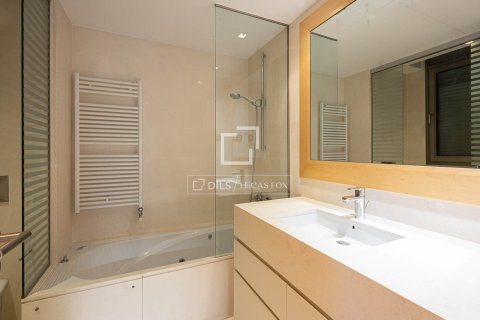 4 chambres apartment à vendre à Barcelona, Catalonia, Spain № 4091 - photo 16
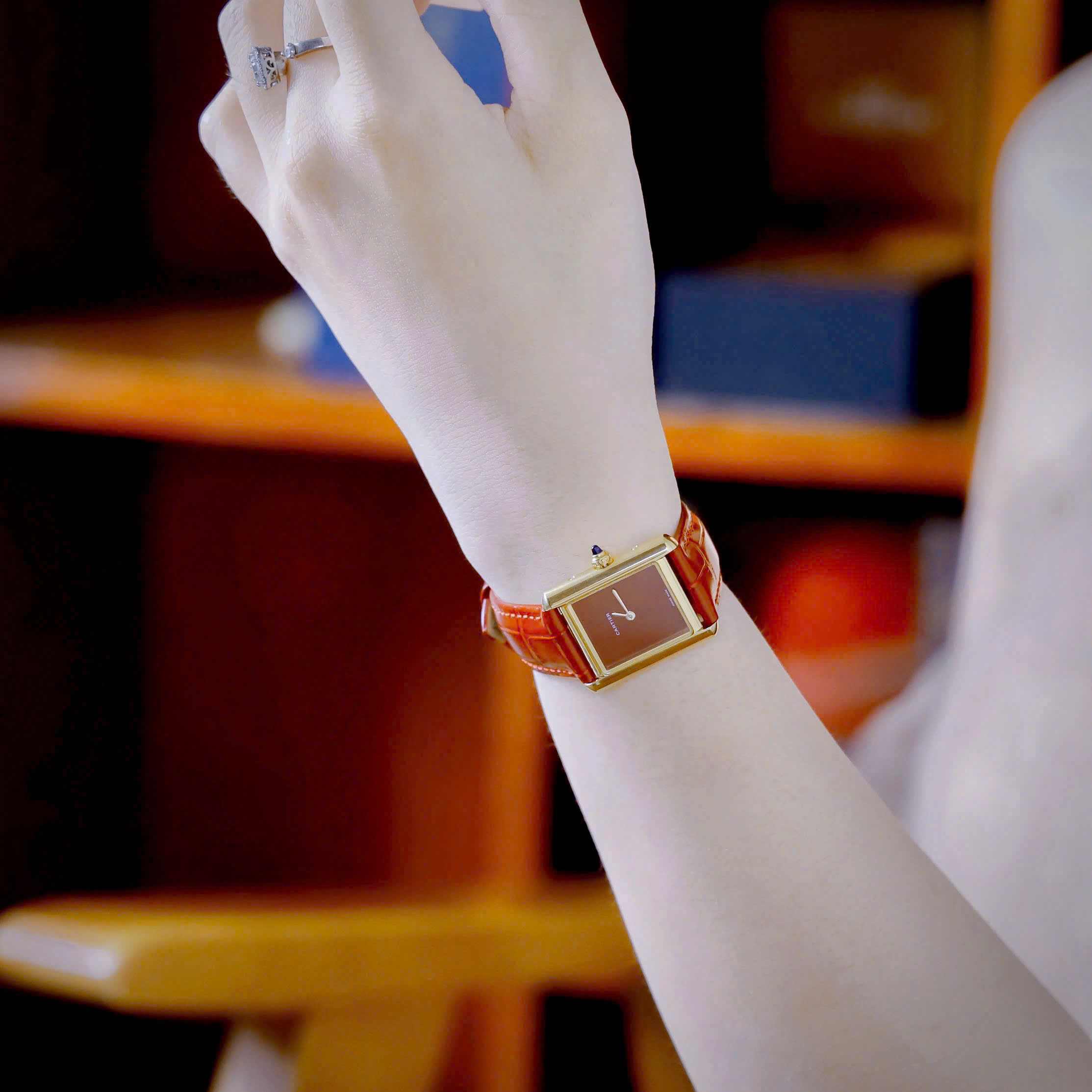 Đồng Hồ Cartier Tank Louis Nữ Vàng Gold Dây Da Đỏ Fake Cao Cấp 24x32mm (2) Đồng Hồ Cartier Tank Louis Nữ Vàng Gold Dây Da Đỏ Fake Cao Cấp 24x32mm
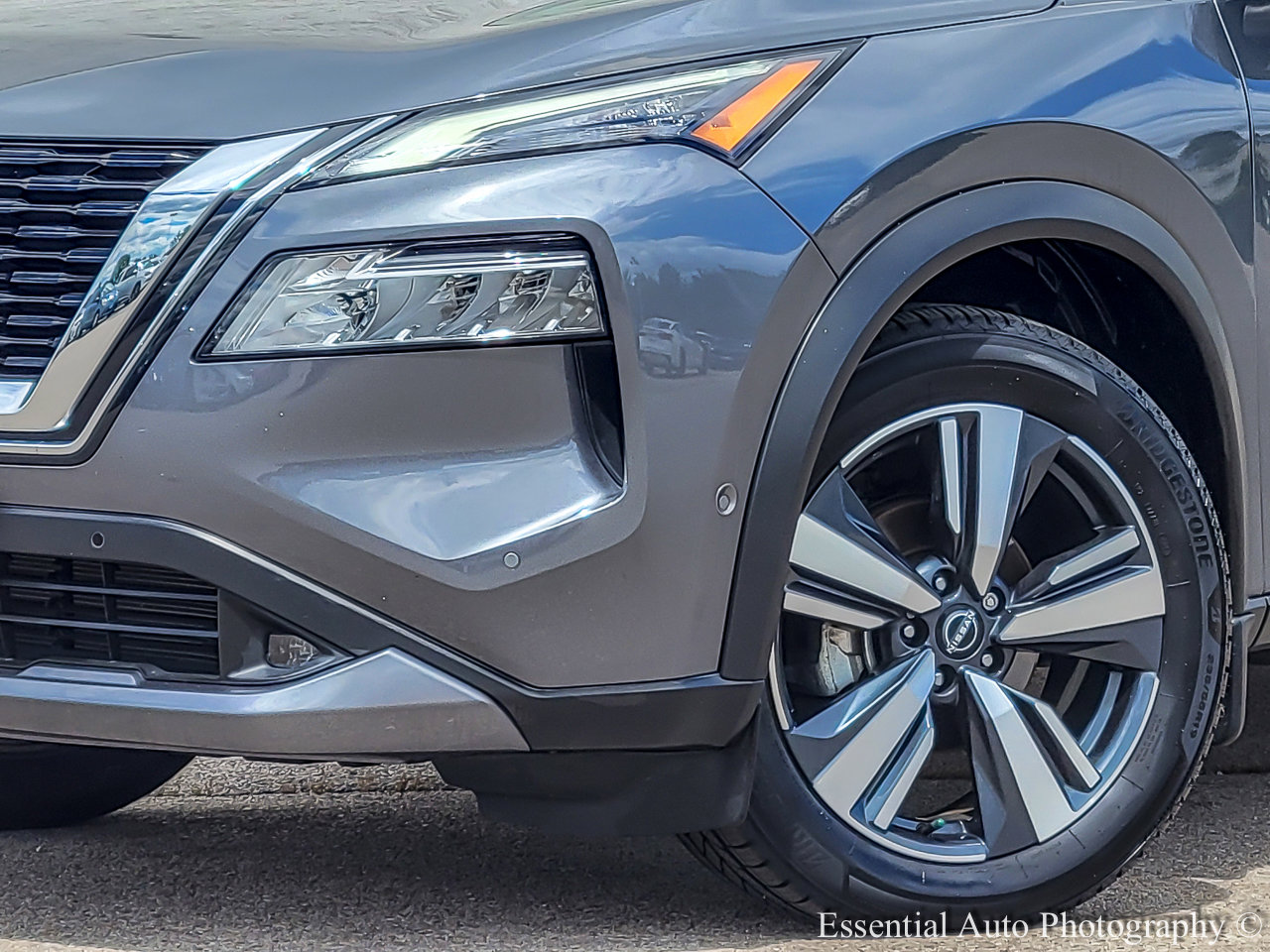 2022 NISSAN ROGUE - Image 3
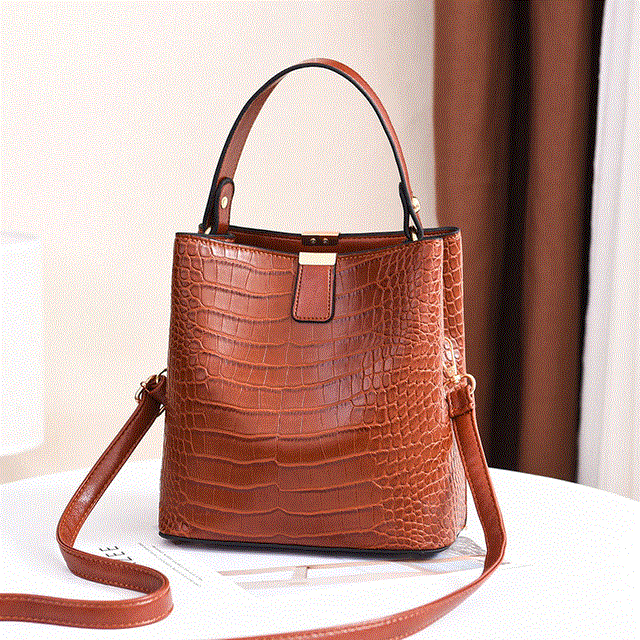 2021 High quality Large Alligator Bucket Handbags Women Handbags Casual Shoulder Messenger Bags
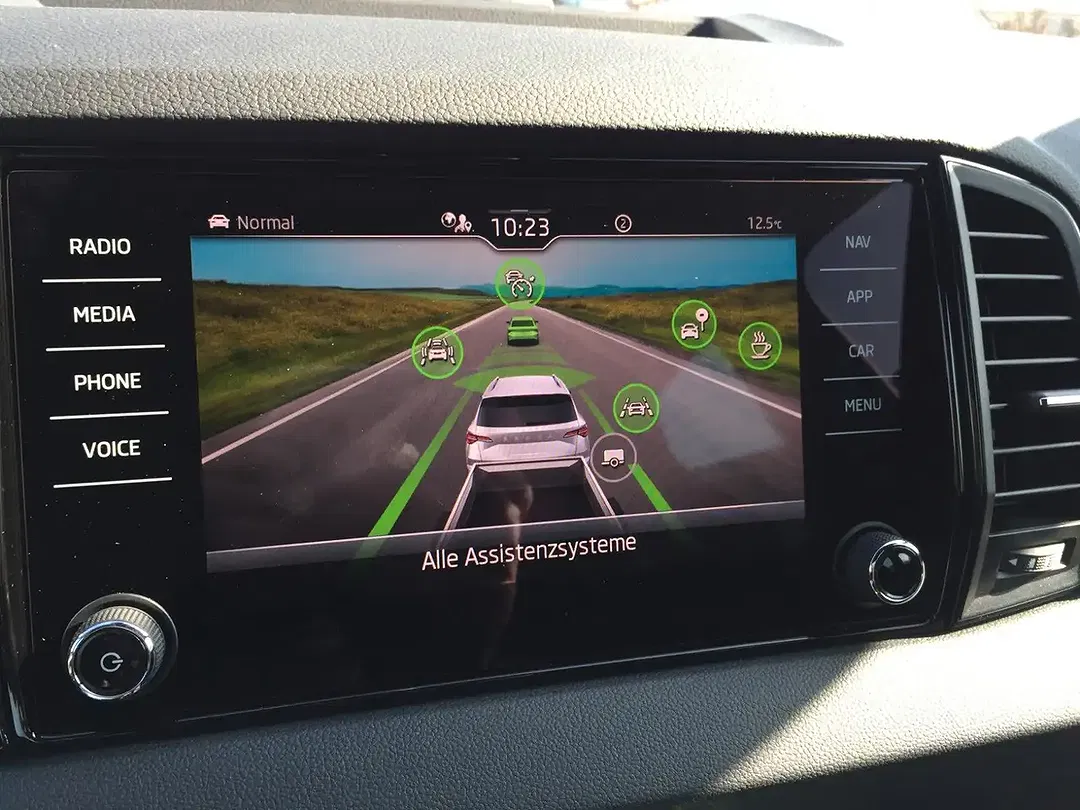 Skoda Karoq - Thumbnail 29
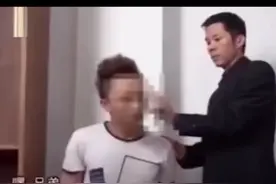 男子被抓，当场吓拉屎～～～视频封面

Exercise>
Find "Cấp 24x32mm (2)" in the entries, then reproduce that line and each line after it exactly, through the last one. Pictures do not go in.

Response area>
 Đồng Hồ Cartier Tank Louis Nữ Vàng Gold Dây Da Đỏ Fake Cao Cấp 24x32mm (2) Đồng Hồ Cartier Tank Louis Nữ Vàng Gold Dây Da Đỏ Fake Cao Cấp 24x32mm
 2022 NISSAN ROGUE - Image 3
 2021 High quality Large Alligator Bucket Handbags Women Handbags Casual Shoulder Messenger Bags
 Skoda Karoq - Thumbnail 29
 男子被抓，当场吓拉屎～～～视频封面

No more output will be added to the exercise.